By analyzing existing cross correlation between Coal India Limited and Jubilant Foodworks Limited, you can compare the effects of market volatilities on Coal India and Jubilant Foodworks and check how they will diversify away market risk if combined in the same portfolio for a given time horizon. You can also utilize pair trading strategies of matching a long position in Coal India with a short position of Jubilant Foodworks. Check out your portfolio center. Please also check ongoing floating volatility patterns of Coal India and Jubilant Foodworks.

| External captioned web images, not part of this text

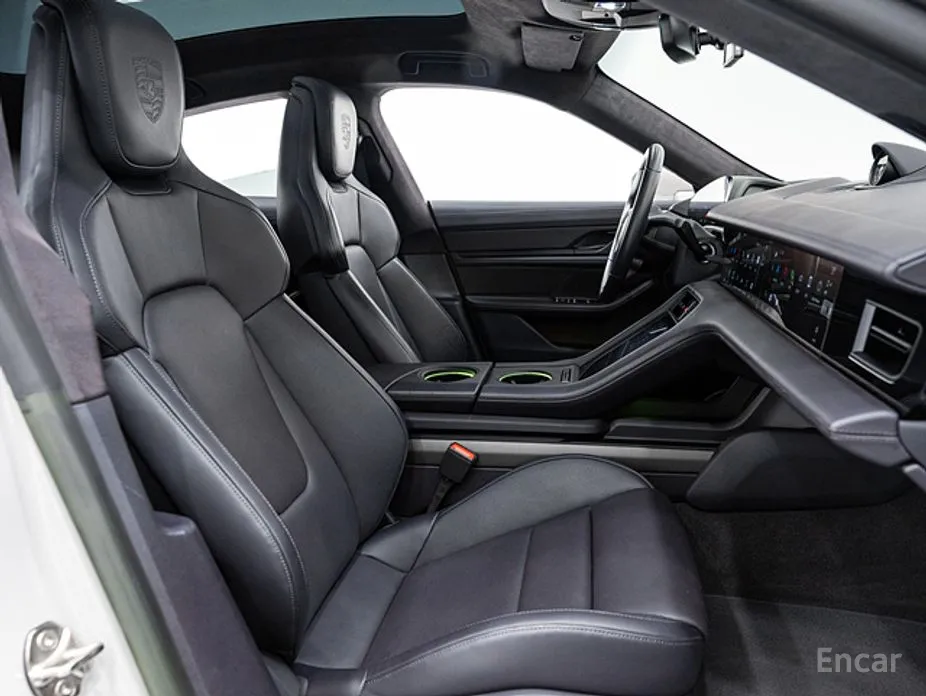 Фото 15 - Porsche Taycan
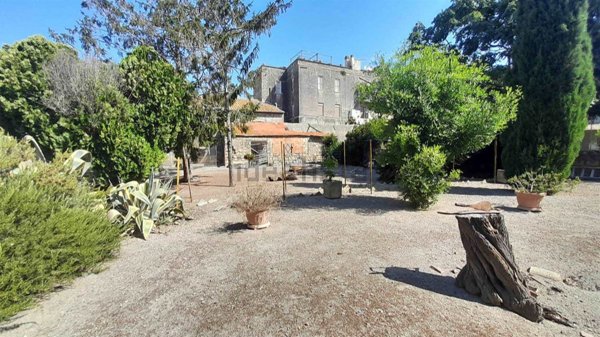 locale di sgombero in vendita a Tarquinia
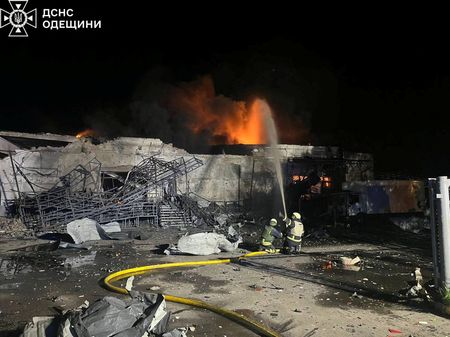 tagreuters.com2025binary_LYNXNPEL4T083-VIEWIMAGE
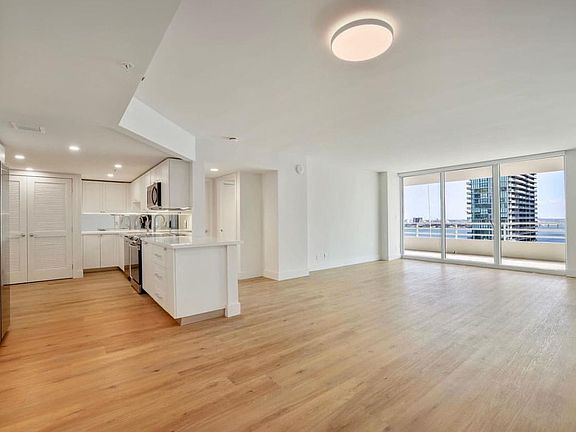 5th image of 441 NE 35th St #1906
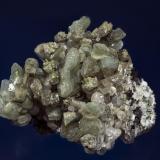 Calcite, Quartz, Muscovite
Rist Mine, Hiddenite, Alexander Co., North Carolina, USA
8.3 x 6.5 cm (Author: am mizunaka)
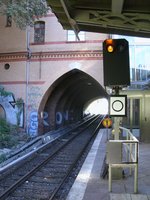 Vorsignalwiederholer vor dem  Tunnel  in der Station Berlin Prenzlauer Berg am 01.Oktober 2011.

Diversification Opportunities for Coal India and Jubilant Foodworks

-0.12
  Correlation Coefficient

Good diversification

The 3 months correlation between Coal and Jubilant is -0.12. Overlapping area represents the amount of risk that can be diversified away by holding Coal India Limited and Jubilant Foodworks Limited in the same portfolio, assuming nothing else is changed. The correlation between historical prices or returns on Jubilant Foodworks and Coal India is a relative statistical measure of the degree to which these equity instruments tend to move together. The correlation coefficient measures the extent to which returns on Coal India Limited are associated (or correlated) with Jubilant Foodworks. Values of the correlation coefficient range from -1 to +1, where. The correlation of zero (0) is possible when the price movement of Jubilant Foodworks has no effect on the direction of Coal India i.e., Coal India and Jubilant Foodworks go up and down completely randomly.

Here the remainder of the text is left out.